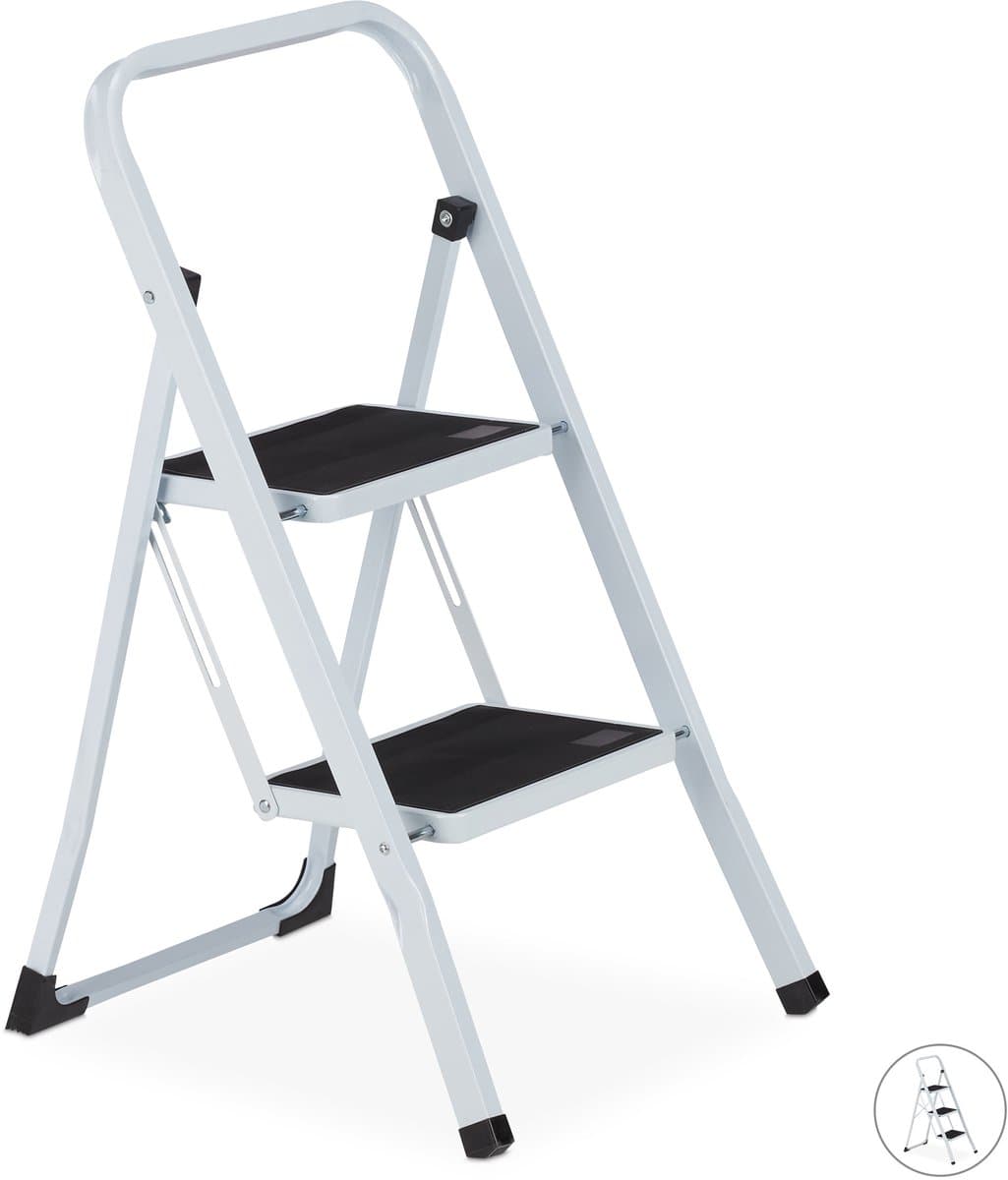 Relaxdays huishoudtrap - keukentrap - inklapbaar - ladder - metaal - trapladder - 2 tredes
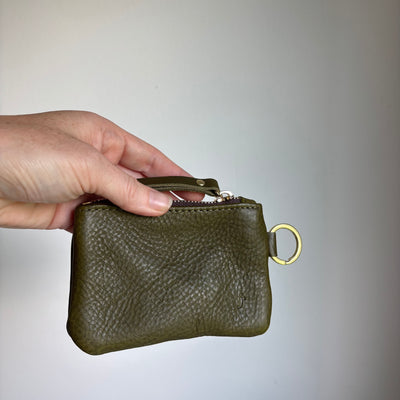 Leather Keyring Coin Purse with Monogram - Olive Green Pebble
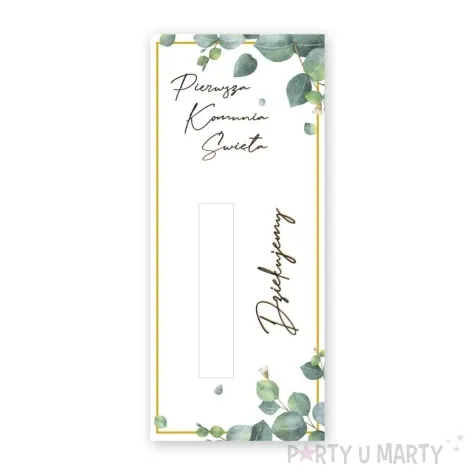 bileciki podziekowanie merci ihs komunia eukaliptus gold 6x14 cm 5 szt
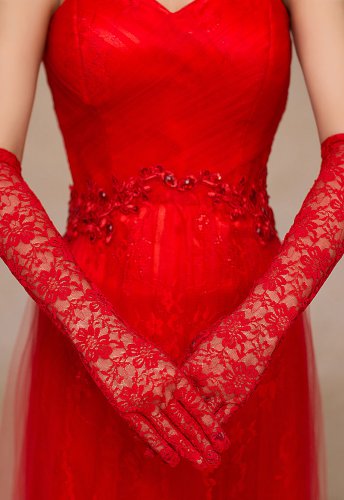 Elbow Length Lace Gloves red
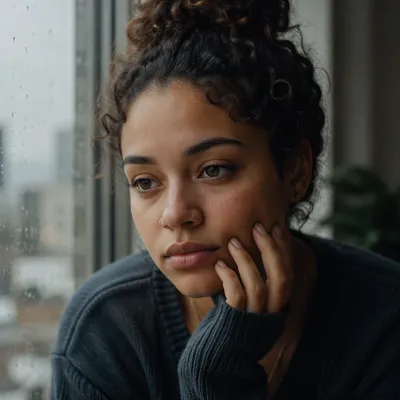 Thoughtful Young Adult by Rainy Window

________________

## What is needed
Restate all of the material above word for word. Pictures do not belong in it.

## Answer box
 Relaxdays huishoudtrap - keukentrap - inklapbaar - ladder - metaal - trapladder - 2 tredes
 Leather Keyring Coin Purse with Monogram - Olive Green Pebble
 bileciki podziekowanie merci ihs komunia eukaliptus gold 6x14 cm 5 szt
 Elbow Length Lace Gloves red
 Thoughtful Young Adult by Rainy Window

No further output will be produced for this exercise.